EBRD chief economist Erik Berglof said that while the region was adjusting it was important to help reduce the large foreign exchange exposure in both household and corporate sectors.
"Banks can also be supported by the provision of swap lines from international financial institutions," he told the meeting.
"The extensions of such lines from the European Central Bank could help central banks in a few countries to improve the liquidity of foreign exchange markets."
Regional policymakers said existing support lines were not enough and bemoaned the reluctance of the ECB to do more than its existing euro swap lines with Poland and Hungary.
"The European institutions can be more active," Czech central bank governor Zdenek Tuma told Reuters. "If Poland had a swap with the ECB, it probably wouldn't have applied for the (International Monetary Fund) flexible credit line.
"The ECB doesn't want to do that... It's a question for the ECB and the European Commission in which they can be more active," Tuma added.
Tuma's comments came a day after the ECB rejected several Central European central banks' request to accept non-euro zone, local currency bonds as collateral, meaning banks cannot use bonds issued by the region's governments in short-term repo deals to borrow euros from the ECB.
The EBRD's Berglof also said that European Union and euro zone candidates should be encouraged by their western neighbours to keep on track and avoid "accession fatigue". "There must be a clear time path to the euro for EU countries," he said.
OUTLOOK STAYS GLOOMY
Data released on Friday showed regional economies shrank faster than expected in the first quarter after imploding demand in key export markets hit industries, while weak GDP data from key export market Germany leaves a grim near-term outlook.

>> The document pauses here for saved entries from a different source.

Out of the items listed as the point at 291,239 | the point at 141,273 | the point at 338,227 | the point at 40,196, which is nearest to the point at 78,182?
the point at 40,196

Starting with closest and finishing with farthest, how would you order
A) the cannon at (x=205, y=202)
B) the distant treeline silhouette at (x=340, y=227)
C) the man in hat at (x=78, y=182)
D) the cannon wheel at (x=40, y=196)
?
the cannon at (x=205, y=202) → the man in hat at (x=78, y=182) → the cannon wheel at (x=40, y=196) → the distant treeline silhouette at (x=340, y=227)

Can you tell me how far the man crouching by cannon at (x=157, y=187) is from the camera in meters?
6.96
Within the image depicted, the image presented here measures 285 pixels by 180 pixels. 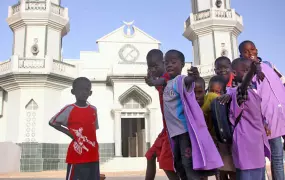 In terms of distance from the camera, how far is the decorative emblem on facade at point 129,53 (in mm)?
16938

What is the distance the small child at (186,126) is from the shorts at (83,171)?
93 cm

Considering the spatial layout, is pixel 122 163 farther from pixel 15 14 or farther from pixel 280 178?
pixel 280 178

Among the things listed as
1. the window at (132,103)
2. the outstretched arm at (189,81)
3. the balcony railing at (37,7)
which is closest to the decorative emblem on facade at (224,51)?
the window at (132,103)

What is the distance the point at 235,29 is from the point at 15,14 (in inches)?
476

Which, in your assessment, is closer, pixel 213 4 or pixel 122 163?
pixel 122 163

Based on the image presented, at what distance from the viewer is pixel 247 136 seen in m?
2.51

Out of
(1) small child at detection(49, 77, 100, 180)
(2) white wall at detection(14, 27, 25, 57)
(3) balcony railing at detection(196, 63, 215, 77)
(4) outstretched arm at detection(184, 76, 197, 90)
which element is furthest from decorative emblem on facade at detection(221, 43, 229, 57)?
(4) outstretched arm at detection(184, 76, 197, 90)

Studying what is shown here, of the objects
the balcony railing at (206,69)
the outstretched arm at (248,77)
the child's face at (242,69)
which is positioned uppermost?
the balcony railing at (206,69)

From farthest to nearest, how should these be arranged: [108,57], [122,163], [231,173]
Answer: [108,57] < [122,163] < [231,173]

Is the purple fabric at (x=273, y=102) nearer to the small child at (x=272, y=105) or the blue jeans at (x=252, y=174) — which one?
the small child at (x=272, y=105)

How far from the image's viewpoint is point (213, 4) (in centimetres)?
1775

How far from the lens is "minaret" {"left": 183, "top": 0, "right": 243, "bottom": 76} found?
1677 cm

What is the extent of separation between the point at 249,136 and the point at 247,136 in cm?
2

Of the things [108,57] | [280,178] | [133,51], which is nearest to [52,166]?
[108,57]
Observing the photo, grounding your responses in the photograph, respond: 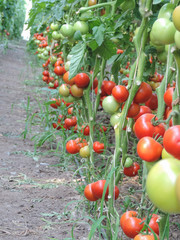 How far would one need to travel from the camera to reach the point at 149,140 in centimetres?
62

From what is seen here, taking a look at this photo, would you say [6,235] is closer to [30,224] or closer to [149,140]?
[30,224]

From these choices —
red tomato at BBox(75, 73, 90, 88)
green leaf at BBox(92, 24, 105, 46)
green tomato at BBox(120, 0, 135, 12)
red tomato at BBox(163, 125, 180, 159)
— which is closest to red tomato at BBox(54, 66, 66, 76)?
red tomato at BBox(75, 73, 90, 88)

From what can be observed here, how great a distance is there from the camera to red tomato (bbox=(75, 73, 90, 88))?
1.50 meters

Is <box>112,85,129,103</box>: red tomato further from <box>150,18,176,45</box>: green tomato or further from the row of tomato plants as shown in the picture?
<box>150,18,176,45</box>: green tomato

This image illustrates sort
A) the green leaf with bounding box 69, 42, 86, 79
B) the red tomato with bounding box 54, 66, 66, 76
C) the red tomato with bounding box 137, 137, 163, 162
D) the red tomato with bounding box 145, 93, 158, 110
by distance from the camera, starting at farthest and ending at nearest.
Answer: the red tomato with bounding box 54, 66, 66, 76 → the green leaf with bounding box 69, 42, 86, 79 → the red tomato with bounding box 145, 93, 158, 110 → the red tomato with bounding box 137, 137, 163, 162

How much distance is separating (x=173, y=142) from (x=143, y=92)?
1.72 ft

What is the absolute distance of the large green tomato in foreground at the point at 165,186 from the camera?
375 mm

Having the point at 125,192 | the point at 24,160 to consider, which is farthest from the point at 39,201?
the point at 24,160

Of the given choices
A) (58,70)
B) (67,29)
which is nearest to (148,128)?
(67,29)

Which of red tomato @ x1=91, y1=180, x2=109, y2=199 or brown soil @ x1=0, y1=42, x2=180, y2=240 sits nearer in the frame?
red tomato @ x1=91, y1=180, x2=109, y2=199

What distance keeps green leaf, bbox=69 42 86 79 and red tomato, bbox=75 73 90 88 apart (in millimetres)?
175

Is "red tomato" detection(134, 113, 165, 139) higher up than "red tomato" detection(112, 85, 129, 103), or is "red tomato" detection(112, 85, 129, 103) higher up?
"red tomato" detection(112, 85, 129, 103)

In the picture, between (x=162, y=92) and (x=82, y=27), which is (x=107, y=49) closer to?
(x=82, y=27)

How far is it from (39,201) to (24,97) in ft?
9.79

Both the EBRD and IMF see some of the region's biggest economies -- notably Poland and the Czech Republic -- returning to minimal growth next year. But that remains a poor result compared to years of booming expansion and private sector bankers attending the conference were much gloomier.
"I am very far from saying we are seeing a turnaround," said Herbert Stepic, chief executive at Austrian bank Raiffeisen International, which has extensive business in eastern Europe.
"The real downturn is starting now. We are coming to the real deep crisis in the real economy," he said.
Stepic said the toxic structured credit assets affecting global banks were not a major problem for east Europe's banks but that recession this year would be a bigger issue.
Burdened by high external deficits and with trouble borrowing in the global credit crunch, the eastern Europeans have mostly steered clear of the fiscal stimulus used by major western economies.
Most have actually cut spending, either on their own or as part of deals with the International Monetary Fund. Many of the region's western-owned banks have been pressing for governments to do more to shore up the financial sector.
Georgy Suranyi, regional chief for Italian bank Intesa Sanpaolo and a former Hungary central bank chief, said he was worried that fiscal and monetary policies being adopted across the region could exaggerate the downturn.
"Most of them, except perhaps the Czechs responded pro-cyclically which will cause an even deeper recession (in the coming months)," he said.
The EBRD currently forecasts a 5.2 percent contraction this year for the entire region it operates in -- which includes non-EU countries further east.
Regional policymakers said they would try to get through the crisis as best they could without the need for external help.
"Currently we are able to do it by our own. But we also have to think about our future prospects and of course if additional risks appear we (could go to) the European Commission," Lithuania's Finance Minister Algirdas Semeta, told Reuters.